# Zhegalkin algebra

The special algebra $\mathfrak A = \langle A , \Omega \rangle$, where

$$A = \{ 0 , 1 \} ,\ \ \Omega = \{ {x \cdot y } : {x + y \ ( \mathop{\rm mod} 2 ) , 0 , 1 } \} ,$$

and $x \cdot y$ is the multiplication operation. The clone $F$ of the action of $\Omega$ on $A$ is of interest. Every operation in $F$ is a polynomial $\mathop{\rm mod} 2$, a so-called Zhegalkin polynomial, named after I.I. Zhegalkin, who initiated the investigation of this clone [1]. He proved that every finitary operation on $A$ is contained in $F$. Thus, the study of properties of $F$ includes, in particular, the study of all algebras $\mathfrak A = \langle A , \Omega ^ \prime \rangle$ for arbitrary $\Omega ^ \prime$.

#### References

 [1] I.I. Zhegalkin, Mat. Sb. , 34 : 1 (1927) pp. 9–28 [2] P.M. Cohn, "Universal algebra" , Reidel (1986) [3] S.V. Yablonskii, G.P. Gavrilov, V.B. Kudryavtsev, "Functions of the algebra of logic and Post classes" , Moscow (1966) (In Russian)

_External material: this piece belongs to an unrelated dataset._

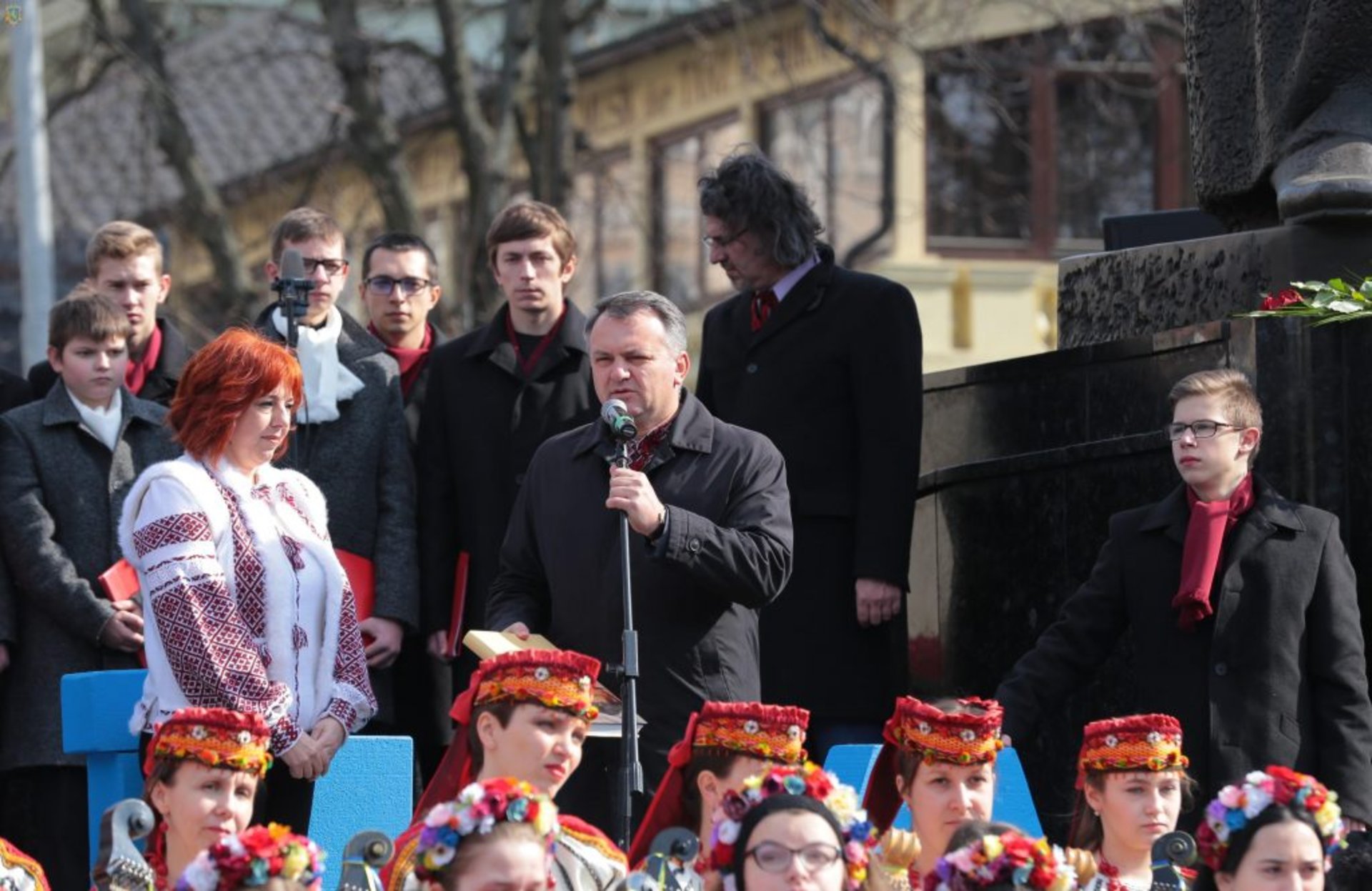 Львівщина урочисто відзначила 205-ту річницю з дня народження Тараса Шевченка. Фото прес-служба ЛОДА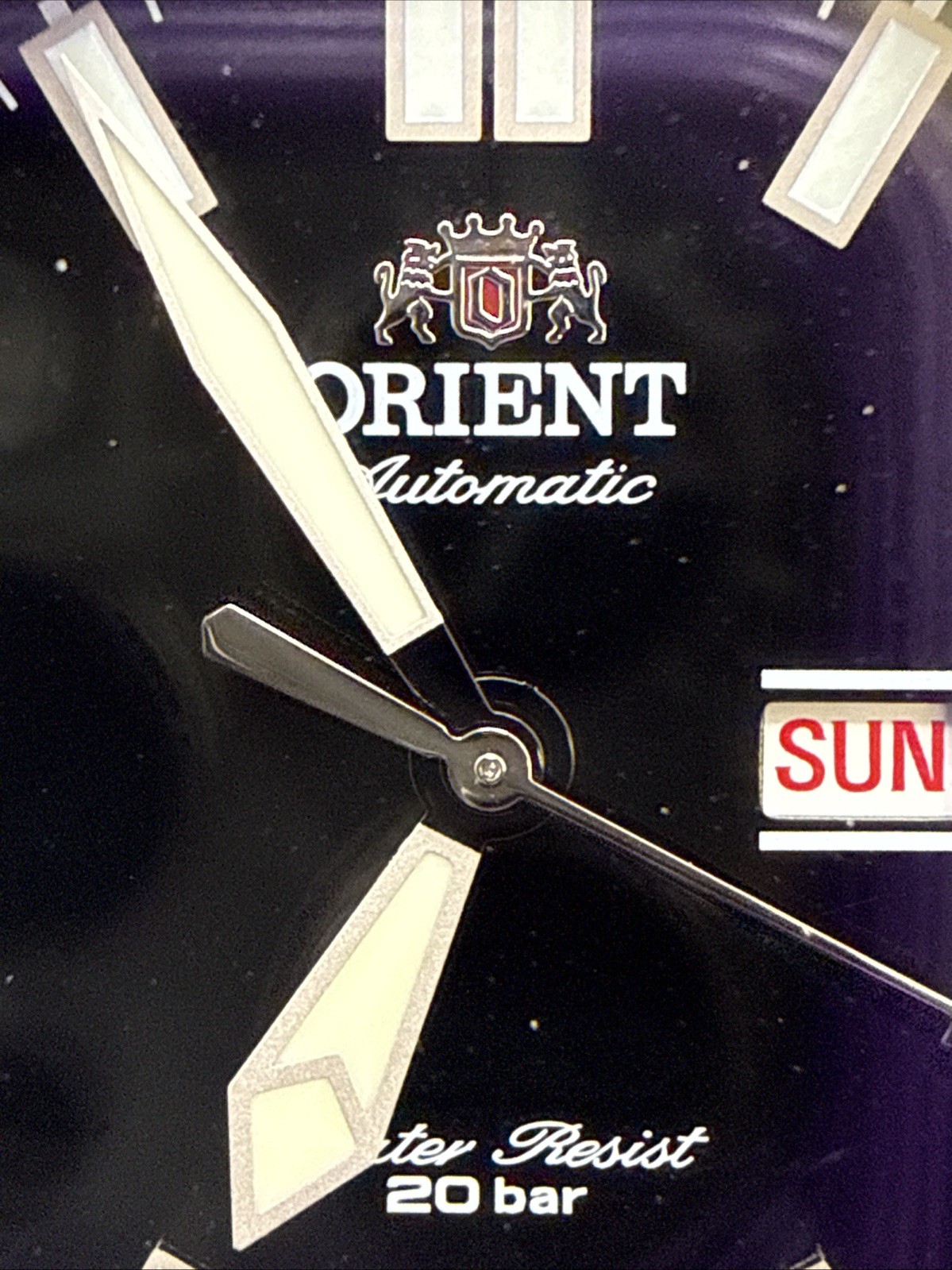 Orient Men’s Kanno Blue Dial Diver Automatic Watch 200m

In other words, the Zhegalkin algebra is the two-element Boolean ring, the field $\mathbf Z /( 2)$ or the free Boolean algebra on $0$ generators. As such, it is generally not given a distinctive name in the Western literature. Cf. e.g. Boolean algebra; Boolean equation. The study of all algebras $\mathfrak A = \langle A, \Omega ^ \prime \rangle$ is the subject of E.L. Post's dissertation [a1].